A review committee made up of Pomona “admissions officers, staff and faculty” will then meet to determine whether an applicant’s criminal history justifies rescinding admission, according to the site.
The committee will notify candidates of its decision before they may finish enrolling, according to the website.
Sapp said the change stems from “significant national conversation about the use of criminal history questions in applications” in the last few years.
A committee that included administrators and faculty gathered to rework Pomona’s criminal history policy, and received approval from the Committee on Admissions and Financial Aid, which is comprised of students, admissions staff and faculty, Sapp said via email to TSL.
Sapp said the committees agreed that including the criminal history question at that point in Pomona’s application process was unnecessary, but “still felt it was important to know more about the criminal history of students admitted to the College who were seeking to enroll.”
The change was “informed by a body of research that suggests that asking a criminal history question on an application has a chilling effect on applicants from marginalized backgrounds even applying, and disproportionately impacts communities of color,” Sapp said.
It’s also in line with decisions by major players in higher education.

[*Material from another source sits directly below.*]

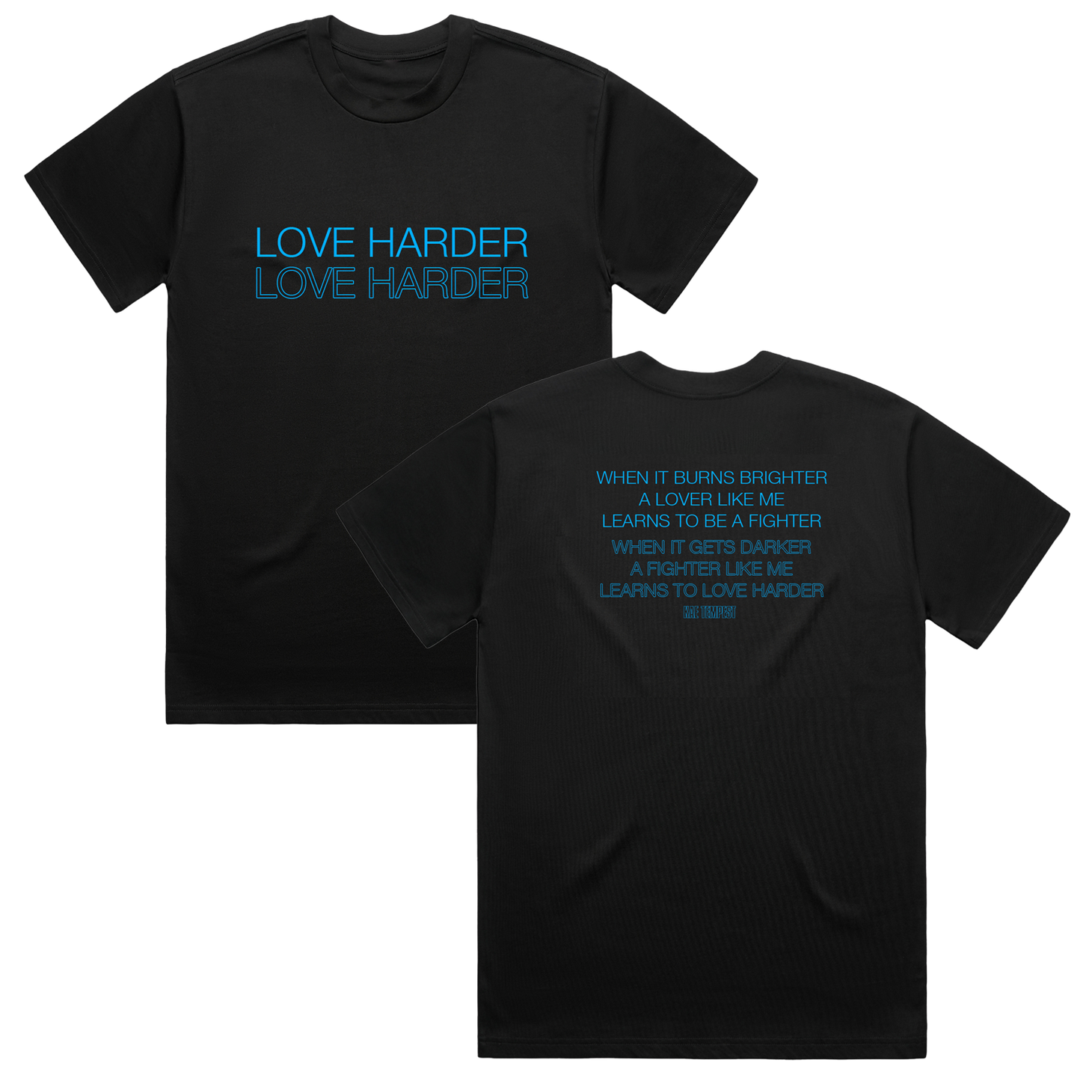 Love Harder Black T-Shirt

In 2018, the nonprofit organization behind the Common Application removed the criminal history question from the section shared among colleges.
While universities can choose to include the question in their own specific portion of the Common App, Pomona will leave it out.
The University of California system has never required information on applicants’ criminal histories, according to Stephen Handel, UC’s associate vice president of undergraduate admissions.
Rather, specific campuses can request this information on student housing forms once they’ve sent out offers of admission, according to Handel.
Pomona’s decision also mirrors new statewide law regarding hiring.
California passed the Fair Chance Act in Jan. 2018, legally prohibiting employers from asking about criminal history prior to making job offers “in most situations,” according to Sapp.
After making a conditional employment offer, employers may ask job candidates if they have a history of convictions and conduct a background check, but are required to make an individualized assessment about the “nature and gravity” of the conviction and “cannot simply say that they won’t hire anyone convicted of a certain crime,” according to the LA County website.
Pomona is currently the only Claremont College to have removed the criminal history question from its application; the other four colleges still include it among their college-specific questions on the Common App, their respective applications showed.
ASCMC is currently discussing a proposal to remove the criminal history question from Claremont McKenna College’s application, and Pitzer College is also considering removing it, Pitzer spokesperson Anna Chang said via email. It’s unknown if there is discussion of removing the question at Harvey Mudd or Scripps.